My mom, who had also been getting in the car, started going “Ohh, buddy! That hurts, oh wow, that really hurts…” etc.
…but I wasn’t actually in that much pain, and was mostly wishing her reaction would go away. The pain is already fading. The sympathy is escalating.
This has happened with other people too; this is just the most salient example. I find these encounters pretty disconnecting, because the person is trying to empathize with me but then after the initial moment they’re paying more attention to their own imagination than they actually are to my experience.
In general, pain that doesn’t indicate something is ongoingly wrong will attenuate—it will gradually decrease. This is true for most stubbings of toes, small cuts and scrapes, and so on. But some responses to pain (eg tensing up a bunch) can make things more painful.
I was having a conversation with my friend Tristan over dinner, after a long day of walking around and talking a lot about phenomenology (the study of sensation and perception).
I squeezed a lime, and it squirted right into my eye.
I winced, and after a moment remarked with amusement “I think that might be the very first time I’ve directly shot myself in the eye with a lime.”
Tristan engaged warmly: “Oh! That’s a shared, common human experience you’re having.”
I paused and then said, “…I think that that is literally the best response I’ve ever experienced of somebody noticing I’m in pain.”
We both laughed at that point, then proceeded to investigate precisely why this response felt so connective to me. That conversation became this blog post.
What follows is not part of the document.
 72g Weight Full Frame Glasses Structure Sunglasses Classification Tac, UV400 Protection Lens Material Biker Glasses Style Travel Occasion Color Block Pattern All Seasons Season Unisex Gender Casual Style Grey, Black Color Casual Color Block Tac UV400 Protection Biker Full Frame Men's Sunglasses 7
We tried to contrast it with other experiences I’ve had, and noted that one articulation of why those past experiences had been disconnective is that the person didn’t stop to consider if I was in fact suffering, they just assumed I was. But if that were the issue, then I would be happy with a response more like “you’re tough, you can take it.” But the recent lime-juice experience was way more specific than that.
Tristan didn’t just suggest I shrug off the experience, he actively welcomed me into it. (Again, we’d spent hours at that point sharing experiences with each other and paying close attention to them.) I paid attention to the stinging and how my eyes were naturally watering to get rid of the acidic juice in my eye.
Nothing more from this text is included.